Mohammadreza Aref, the reformist candidate who withdrew from the 2013 presidential election in favour of the winner, Hassan Rohani, announced today that they are examining the establishment of a national party.
ILNA reports that Mohammadreza Aref said: “I have been given a proposal to create a national party, and the necessary preliminaries of such an objective are now underway.”
In a speech in Yazd, Aref said: “We have to create a party that would not fall apart as soon as its well-known figures become absent. The people should be its keepers.”
He stressed that Iran should never see a repetition of what happened to reformists in the 2003 and 2008 presidential elections, referring to Mahmoud Ahmadinejad’s back-to-back victories.

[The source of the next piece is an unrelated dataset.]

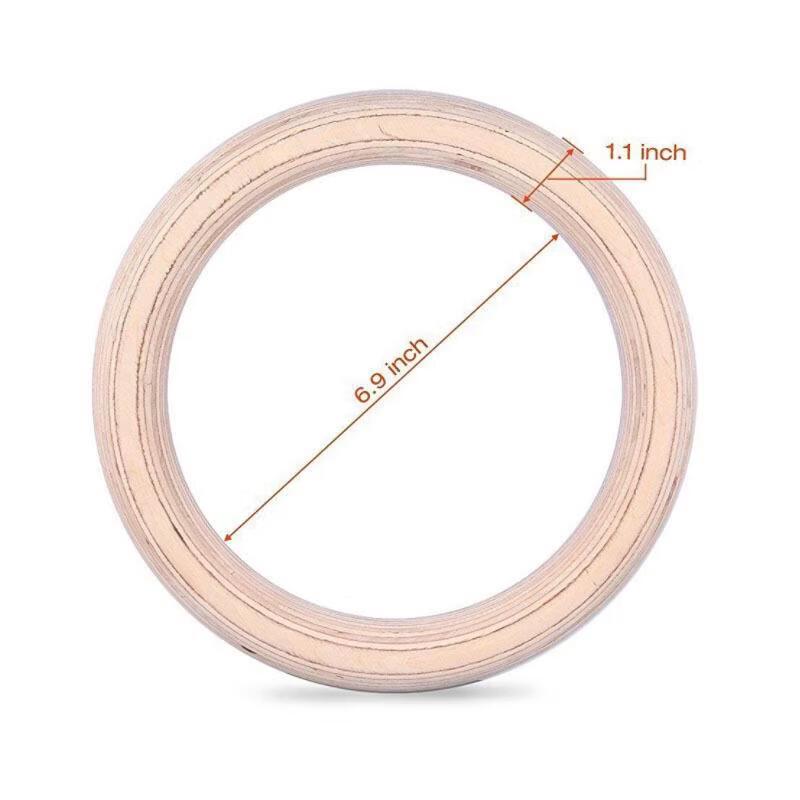 Xinjingzhou Wooden Gymnastic Rings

Aref emphasized that the reformists believe in “the Constitution, the system and its values, and this has been proven by their participation in the election.” He went on to add that with better organization, the 27 percent that did not take part in the election should be drawn back into the scene, adding that paying attention to their demands is key to success.
The reformists were heavily sidelined following the 2009 election, after reformist candidates and millions of people alleged that the vote had been rigged. The reformist candidates of 2009, MIrHosein Mousavi and Mehdi Karroubi, remain under house arrest, and activists have high hopes that the election of a more centrist candidate may pave the way to their release as well as the release of other political prisoners.